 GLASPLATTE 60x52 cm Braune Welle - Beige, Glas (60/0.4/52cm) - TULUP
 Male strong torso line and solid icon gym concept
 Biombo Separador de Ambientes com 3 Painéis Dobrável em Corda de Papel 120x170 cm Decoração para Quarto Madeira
◇ ◇ ◇ ◇ ◇
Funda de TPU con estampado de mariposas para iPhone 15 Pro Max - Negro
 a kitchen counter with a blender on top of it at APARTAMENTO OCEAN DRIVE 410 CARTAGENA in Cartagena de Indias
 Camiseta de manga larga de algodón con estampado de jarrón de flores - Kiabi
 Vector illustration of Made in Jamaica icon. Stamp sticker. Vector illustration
◇ ◇ ◇ ◇ ◇
From the listing above, repeat exactly the lines starting at the line that includes "GLASPLATTE 60x52 cm" and ending at the line that includes "Biombo Separador de", with nothing outside that span.

* ANSWER BELOW:
 GLASPLATTE 60x52 cm Braune Welle - Beige, Glas (60/0.4/52cm) - TULUP
 Male strong torso line and solid icon gym concept
 Biombo Separador de Ambientes com 3 Painéis Dobrável em Corda de Papel 120x170 cm Decoração para Quarto Madeira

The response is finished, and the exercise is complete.